About this exercise:
Below are several records. Retype exactly those lines running from the one with "Сибирский регион захватили" through the one with "SIGMA（シグマ） 8mm F3.5", end lines included, and no others.

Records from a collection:
>>>>

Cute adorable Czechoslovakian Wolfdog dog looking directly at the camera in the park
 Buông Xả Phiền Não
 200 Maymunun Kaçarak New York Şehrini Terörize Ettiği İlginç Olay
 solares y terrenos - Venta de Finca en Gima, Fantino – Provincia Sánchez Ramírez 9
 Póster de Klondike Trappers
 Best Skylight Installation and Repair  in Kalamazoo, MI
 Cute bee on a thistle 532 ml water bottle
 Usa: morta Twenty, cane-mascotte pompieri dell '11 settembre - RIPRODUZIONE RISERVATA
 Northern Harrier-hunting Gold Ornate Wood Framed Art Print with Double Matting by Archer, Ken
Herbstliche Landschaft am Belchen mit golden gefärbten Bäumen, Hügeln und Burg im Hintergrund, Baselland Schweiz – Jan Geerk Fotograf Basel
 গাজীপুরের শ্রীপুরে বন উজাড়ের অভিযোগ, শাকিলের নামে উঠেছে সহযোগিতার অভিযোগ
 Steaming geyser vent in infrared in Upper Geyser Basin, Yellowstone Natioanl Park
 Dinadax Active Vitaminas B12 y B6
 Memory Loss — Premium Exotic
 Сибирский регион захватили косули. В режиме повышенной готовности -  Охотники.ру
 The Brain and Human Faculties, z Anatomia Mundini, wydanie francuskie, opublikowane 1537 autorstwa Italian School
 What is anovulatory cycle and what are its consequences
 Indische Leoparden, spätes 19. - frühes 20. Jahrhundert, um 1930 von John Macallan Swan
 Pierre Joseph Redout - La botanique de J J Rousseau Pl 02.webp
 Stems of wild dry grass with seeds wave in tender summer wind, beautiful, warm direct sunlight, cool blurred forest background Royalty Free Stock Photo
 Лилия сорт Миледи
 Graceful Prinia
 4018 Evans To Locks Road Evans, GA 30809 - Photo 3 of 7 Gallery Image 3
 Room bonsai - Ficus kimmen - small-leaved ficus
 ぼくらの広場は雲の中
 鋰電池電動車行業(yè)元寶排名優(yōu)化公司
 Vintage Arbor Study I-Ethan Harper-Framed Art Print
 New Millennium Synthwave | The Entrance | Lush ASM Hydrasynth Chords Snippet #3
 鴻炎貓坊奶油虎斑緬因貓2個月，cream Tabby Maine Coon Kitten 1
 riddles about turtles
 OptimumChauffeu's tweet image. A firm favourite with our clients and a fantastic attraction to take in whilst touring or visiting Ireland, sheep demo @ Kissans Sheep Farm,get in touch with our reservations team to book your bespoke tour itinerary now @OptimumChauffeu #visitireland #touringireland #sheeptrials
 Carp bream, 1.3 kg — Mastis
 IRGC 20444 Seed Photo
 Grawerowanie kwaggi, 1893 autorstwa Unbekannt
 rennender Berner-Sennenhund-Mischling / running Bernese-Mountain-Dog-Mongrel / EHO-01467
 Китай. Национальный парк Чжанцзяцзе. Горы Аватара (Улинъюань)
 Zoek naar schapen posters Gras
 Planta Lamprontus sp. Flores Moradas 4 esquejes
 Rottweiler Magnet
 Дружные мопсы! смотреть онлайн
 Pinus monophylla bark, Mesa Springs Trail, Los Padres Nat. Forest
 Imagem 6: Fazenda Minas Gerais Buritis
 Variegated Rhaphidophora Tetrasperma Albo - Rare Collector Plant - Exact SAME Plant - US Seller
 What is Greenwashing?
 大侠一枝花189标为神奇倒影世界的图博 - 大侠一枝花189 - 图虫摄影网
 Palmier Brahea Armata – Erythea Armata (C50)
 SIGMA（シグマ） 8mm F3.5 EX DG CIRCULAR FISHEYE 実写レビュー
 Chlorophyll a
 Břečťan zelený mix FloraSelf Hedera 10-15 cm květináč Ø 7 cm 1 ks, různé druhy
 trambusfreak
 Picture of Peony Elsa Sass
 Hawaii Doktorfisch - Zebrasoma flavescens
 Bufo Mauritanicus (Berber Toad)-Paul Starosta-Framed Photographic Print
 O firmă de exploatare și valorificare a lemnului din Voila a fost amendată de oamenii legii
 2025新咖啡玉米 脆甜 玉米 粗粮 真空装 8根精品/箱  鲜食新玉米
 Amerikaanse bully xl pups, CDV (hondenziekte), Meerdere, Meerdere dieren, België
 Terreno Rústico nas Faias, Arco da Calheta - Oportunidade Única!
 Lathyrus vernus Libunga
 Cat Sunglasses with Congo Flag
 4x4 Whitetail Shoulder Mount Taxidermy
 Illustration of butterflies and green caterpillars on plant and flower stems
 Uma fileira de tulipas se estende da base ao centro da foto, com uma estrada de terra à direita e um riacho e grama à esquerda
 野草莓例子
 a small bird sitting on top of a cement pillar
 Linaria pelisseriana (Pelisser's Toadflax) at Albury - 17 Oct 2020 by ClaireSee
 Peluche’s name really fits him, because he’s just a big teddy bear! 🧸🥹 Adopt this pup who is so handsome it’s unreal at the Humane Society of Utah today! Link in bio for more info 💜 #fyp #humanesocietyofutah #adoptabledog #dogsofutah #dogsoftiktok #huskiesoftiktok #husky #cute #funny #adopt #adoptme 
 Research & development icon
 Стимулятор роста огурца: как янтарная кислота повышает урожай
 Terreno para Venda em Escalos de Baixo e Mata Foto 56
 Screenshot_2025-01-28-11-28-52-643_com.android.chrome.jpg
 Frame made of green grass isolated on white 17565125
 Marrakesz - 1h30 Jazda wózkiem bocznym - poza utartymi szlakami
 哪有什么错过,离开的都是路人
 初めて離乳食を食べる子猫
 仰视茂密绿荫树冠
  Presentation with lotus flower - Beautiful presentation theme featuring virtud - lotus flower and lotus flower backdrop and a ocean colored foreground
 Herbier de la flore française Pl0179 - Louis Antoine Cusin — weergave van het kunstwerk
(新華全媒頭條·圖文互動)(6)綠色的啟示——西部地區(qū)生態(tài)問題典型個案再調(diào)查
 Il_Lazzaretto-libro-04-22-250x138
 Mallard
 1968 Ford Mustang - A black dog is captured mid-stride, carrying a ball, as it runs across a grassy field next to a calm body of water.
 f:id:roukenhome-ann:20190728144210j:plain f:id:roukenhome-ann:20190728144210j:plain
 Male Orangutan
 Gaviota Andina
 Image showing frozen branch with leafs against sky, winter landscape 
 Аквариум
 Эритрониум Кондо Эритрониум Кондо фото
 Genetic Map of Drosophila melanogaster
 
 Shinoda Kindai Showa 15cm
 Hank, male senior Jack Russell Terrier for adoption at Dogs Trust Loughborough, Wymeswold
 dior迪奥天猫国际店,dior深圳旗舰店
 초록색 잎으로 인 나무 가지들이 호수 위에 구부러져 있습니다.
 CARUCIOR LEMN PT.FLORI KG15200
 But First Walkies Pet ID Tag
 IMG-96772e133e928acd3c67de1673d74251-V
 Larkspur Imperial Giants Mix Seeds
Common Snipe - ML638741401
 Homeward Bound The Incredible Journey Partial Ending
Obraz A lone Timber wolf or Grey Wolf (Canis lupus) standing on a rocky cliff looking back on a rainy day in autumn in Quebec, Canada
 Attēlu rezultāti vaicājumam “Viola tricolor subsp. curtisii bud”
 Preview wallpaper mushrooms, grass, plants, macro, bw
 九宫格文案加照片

<<<<

Solution for this task:
 Сибирский регион захватили косули. В режиме повышенной готовности -  Охотники.ру
 The Brain and Human Faculties, z Anatomia Mundini, wydanie francuskie, opublikowane 1537 autorstwa Italian School
 What is anovulatory cycle and what are its consequences
 Indische Leoparden, spätes 19. - frühes 20. Jahrhundert, um 1930 von John Macallan Swan
 Pierre Joseph Redout - La botanique de J J Rousseau Pl 02.webp
 Stems of wild dry grass with seeds wave in tender summer wind, beautiful, warm direct sunlight, cool blurred forest background Royalty Free Stock Photo
 Лилия сорт Миледи
 Graceful Prinia
 4018 Evans To Locks Road Evans, GA 30809 - Photo 3 of 7 Gallery Image 3
 Room bonsai - Ficus kimmen - small-leaved ficus
 ぼくらの広場は雲の中
 鋰電池電動車行業(yè)元寶排名優(yōu)化公司
 Vintage Arbor Study I-Ethan Harper-Framed Art Print
 New Millennium Synthwave | The Entrance | Lush ASM Hydrasynth Chords Snippet #3
 鴻炎貓坊奶油虎斑緬因貓2個月，cream Tabby Maine Coon Kitten 1
 riddles about turtles
 OptimumChauffeu's tweet image. A firm favourite with our clients and a fantastic attraction to take in whilst touring or visiting Ireland, sheep demo @ Kissans Sheep Farm,get in touch with our reservations team to book your bespoke tour itinerary now @OptimumChauffeu #visitireland #touringireland #sheeptrials
 Carp bream, 1.3 kg — Mastis
 IRGC 20444 Seed Photo
 Grawerowanie kwaggi, 1893 autorstwa Unbekannt
 rennender Berner-Sennenhund-Mischling / running Bernese-Mountain-Dog-Mongrel / EHO-01467
 Китай. Национальный парк Чжанцзяцзе. Горы Аватара (Улинъюань)
 Zoek naar schapen posters Gras
 Planta Lamprontus sp. Flores Moradas 4 esquejes
 Rottweiler Magnet
 Дружные мопсы! смотреть онлайн
 Pinus monophylla bark, Mesa Springs Trail, Los Padres Nat. Forest
 Imagem 6: Fazenda Minas Gerais Buritis
 Variegated Rhaphidophora Tetrasperma Albo - Rare Collector Plant - Exact SAME Plant - US Seller
 What is Greenwashing?
 大侠一枝花189标为神奇倒影世界的图博 - 大侠一枝花189 - 图虫摄影网
 Palmier Brahea Armata – Erythea Armata (C50)
 SIGMA（シグマ） 8mm F3.5 EX DG CIRCULAR FISHEYE 実写レビュー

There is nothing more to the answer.